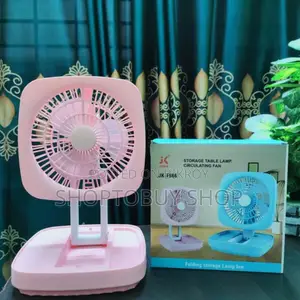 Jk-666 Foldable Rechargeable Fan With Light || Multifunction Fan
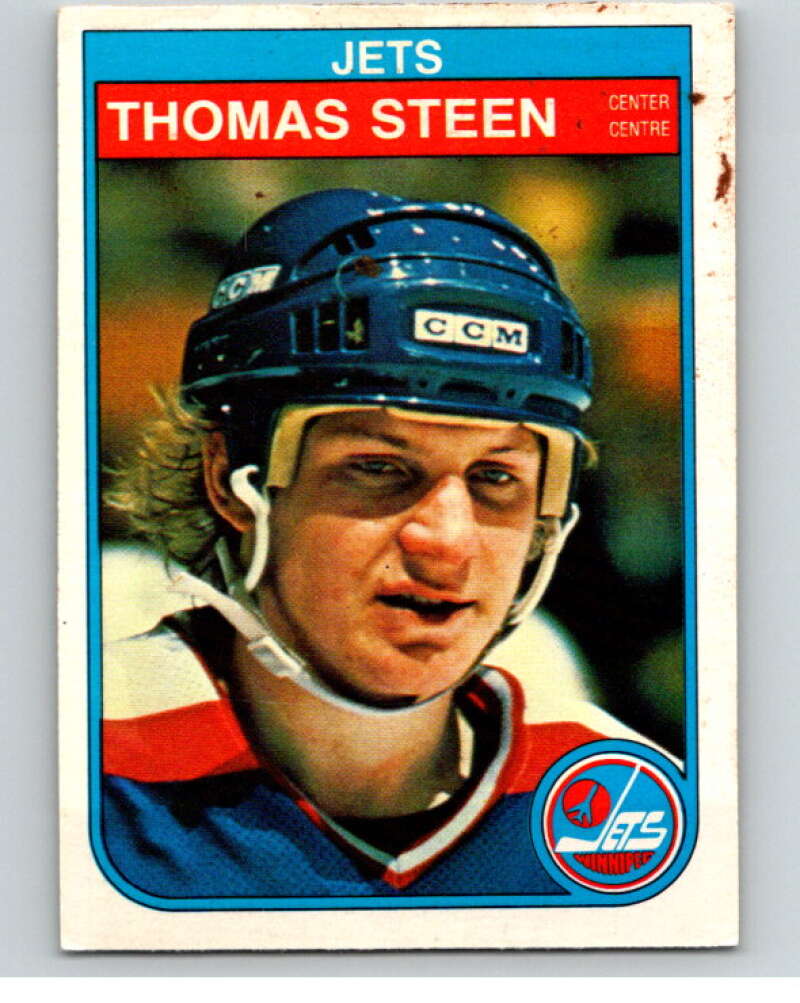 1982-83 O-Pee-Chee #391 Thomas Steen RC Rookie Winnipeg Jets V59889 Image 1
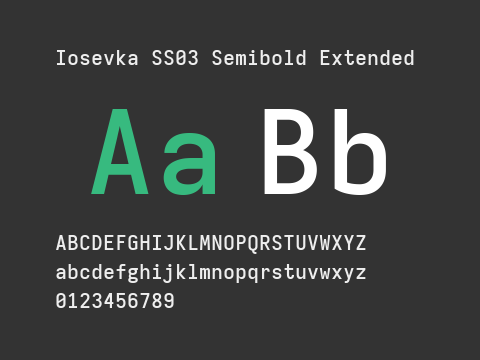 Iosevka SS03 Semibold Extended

• • • • • • •

Would you restate word for word only the lines from the one containing "1982-83 O-Pee-Chee #391" to the final line of the material, both ends included, without any pictures?

 1982-83 O-Pee-Chee #391 Thomas Steen RC Rookie Winnipeg Jets V59889 Image 1
 Iosevka SS03 Semibold Extended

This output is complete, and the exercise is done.